Sift about 2/3 of the remaining flour into the bowl of your mixer.
Add the salt, the yeast batter, the remaining water and the wine.
Mix using the dough hook until you have a smooth, soft and elastic dough.
Cover the bowl with a towel and set aside to rise in a warm place for about 1 hour, until it has doubled in size.
Add the rest of the flour along with the olive oil, cognac, orange juice and zest, sugar, raisins, crushed nuts, and spices.
Knead until just combined into a smooth, elastic dough.
Cover and set aside in a warm place to rise again for about 30 minutes.
Uncover the dough, and cut 4 small pieces (about 50-60 grams each). Set the small pieces aside, for decorating the bread later.
Cover a round oven pan (circa 40 centimeters in diameter) with parchment paper.
Sprinkle the dough with a little bit of flour, and carefully transfer it to the pan. Carefully spread the dough out to cover the whole pan using your hands.
Shape the four pieces of dough you set aside into little snail rolls, and place them on the bread.

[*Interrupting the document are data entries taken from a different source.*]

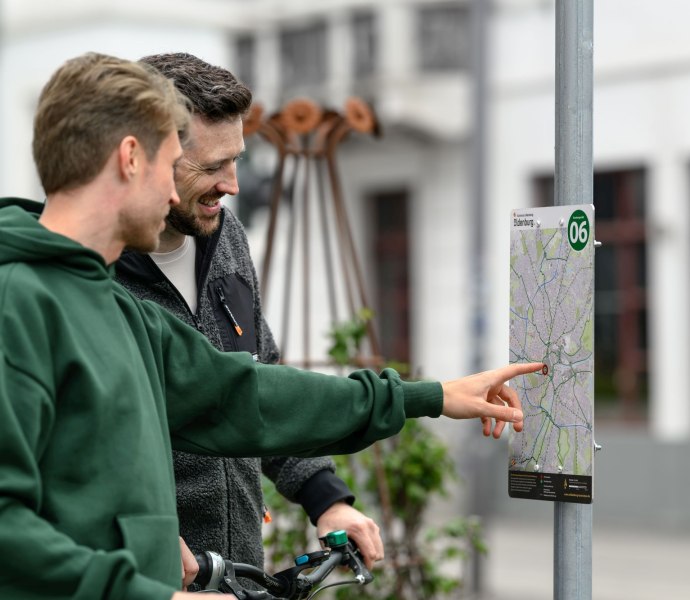 Zwei Radfahrer suchen sich auf einer Karte ihre Route durch das Knotenpunktsystem der Stadt aus. Zwei Radfahrer suchen sich auf einer Karte ihre Route durch das Knotenpunktsystem der Stadt aus.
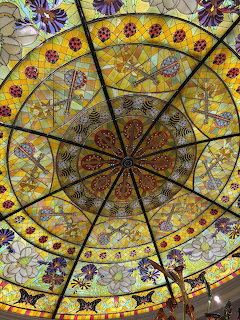 Detailed stained glass dome with radial geometric pattern and colorful floral motifs viewed from below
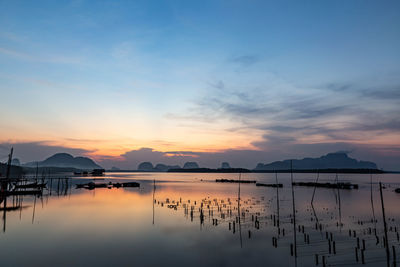 Scenic view of lake against sky during sunset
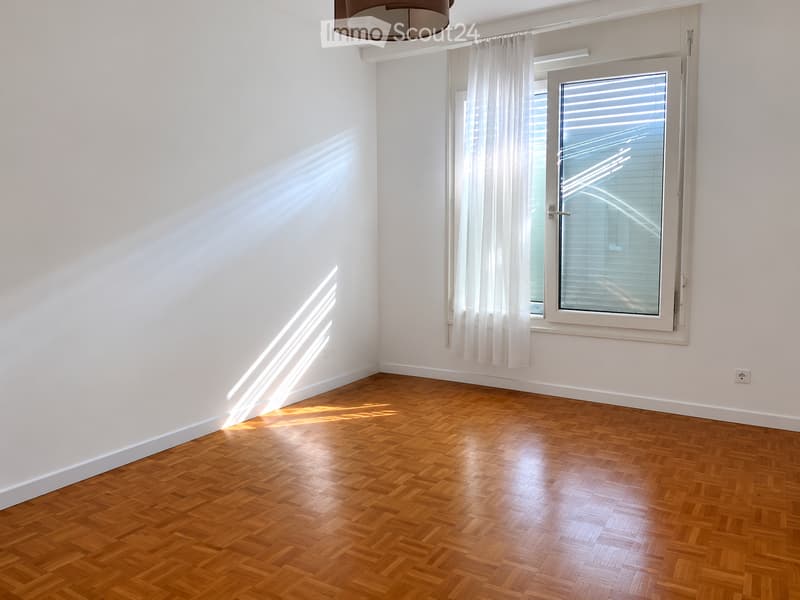 Empty room with wooden herringbone flooring, white walls, and a large window with white curtains. Sunlight streams in, casting shadows on the floor.
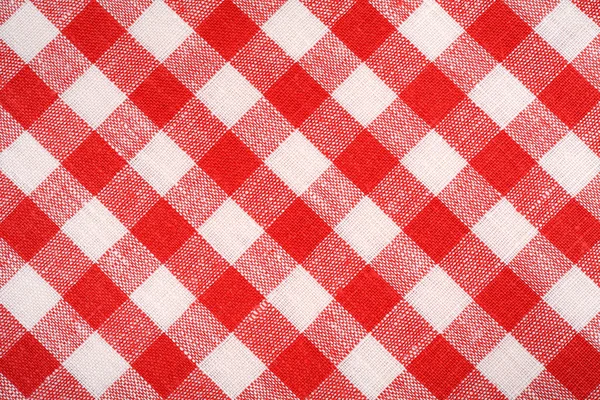 Red and white plaid fabric. Linen red checkered. Background and texture.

If you want, press a whole walnut into the center of each shape.
Cover the pan with a towel, and leave in a warm place for the dough to rise a third time, for about 30 minutes.
Heat your oven to 180°C.
Brush the Christopsomo with the beaten egg yolks, and bake in the oven for about 1 hour, until golden.
This recipe was previously published in Greek in Ζάχαρη & Αλεύρι magazine and at gastronomos.gr.
Ingredients (for one loaf)
70 g fresh yeast, crumbled
220 ml tepid water
1.200 g all-purpose flour
1 tsp salt
220 ml tepid dry red wine
110 ml olive oil
50 ml cognac
50 ml freshly squeezed orange juice
the zest from 2 oranges
220 g granulated sugar
200 g black raisins
100 g walnuts, crushed
50 g almonds, crushed
1 tsp ground spice mix (cloves, cinnamon, nutmeg)
2 egg yolks, lightly beaten, for brushing
4 whole walnuts, with their shells, for garnish (optional)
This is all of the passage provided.